La question de la justice environnementale et sociale s’éclaircie en introduisant les besoins et en articulant son lien avec les flux et infrastructures
Il existe une adaptation hédonique (notre niveau de besoins évolue dans le temps) et nous devons comprendre des seuils acceptables (tant au niveau écologique, d’équité et de passé colonial).
Le moyen le plus démocratique d’effectuer la transition écologique sera en définissant le plus petit dénominateur commun, les besoins. Les flux et les infrastructures correspondant et leurs niveaux de technicité et de (dé-)centralisation seront une prochaine étape de débat sociétal.
Voilà, cet article est déjà trop long pour lire sur votre téléphone ou ordinateur mais aussi trop court pour aller dans les détails. Si vous voulez approfondir, j’ai récémment écris un article sur la Gouvernance des territoires par le prisme du métabolisme territorial et mon livre devrait paraître en automne.
N’hésistez pas à me dire si vous parle et si vous pensez que je devrais intégrer d’autres éléments dans le schéma (par exemple dans la vidéo nous avons également parler de chocs externes qui viennent transformer nos flux et nos infrastructures).
Merci et à très vite 🙏
Aristide
Chapitres
00:00 Introduction au schéma
02:49 Mesurer les flux et les stocks des villes
06:09 Le verrouillage entre flux et infrastructures
11:51 Le dimensionnement des infrastructures et ses impacts
18:07 Les besoins et leur relation avec les infrastructures
26:20 Infrastructures et Gouvernance
27:45 Débat sur les Besoins Sociétaux
30:54 Consommation et Bien-être
33:20 Mobilité et Véhicules Intermédiaires
37:31 Justice Sociale et Environnementale
40:12 Démantèlement des Infrastructures
43:32 Économie Bas Carbone et Justice
46:45 Impact Climatique sur les Infrastructures
49:39 Besoins Essentiels vs Envies
Ce schéma est inspiré de cet article : O’Neill, D. W., Fanning, A. L., Lamb, W. F., & Steinberger, J. K. (2018). A good life for all within planetary boundaries. Nature sustainability, 1(2), 88-95.

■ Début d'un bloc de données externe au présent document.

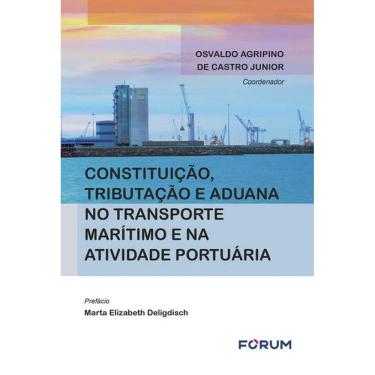 Imagem de Constituição, Tributação E Aduana No Transporte Marítimo E Na Atividade Portuária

N'est ce pas un peu simpliste de penser et croire qu'il suffit de demander à une société de définir ses besoins et de les satisfaire pour que tous les problèmes soient résolus. On sent bien que ça ne peut être aussi simple. Déja, comment se mettre d'accord sur les besoins, ceux du plus fort ou ceux du plus faible.
Les raisonnements sont souvent faits sur les moyennes et ne tiennent pas compte de la distribution et donc des extrêmes. Ces extrêmes se retrouvent dans tous les domaines. Aujourd'hui ce sont ceux qui veulent plus de puissance et de pouvoir (mafia comprise) qui dominent le monde et donc définissent les besoins pour l'ensemble de la population (drogue comprise).
Pour changer le monde, il faut trouver le moyen de supprimer les extrêmes des distributions, par exemple par des lois qui seraient défendues par le plus grand nombre.
C'est peut-être la dimension politique qui manque au schéma.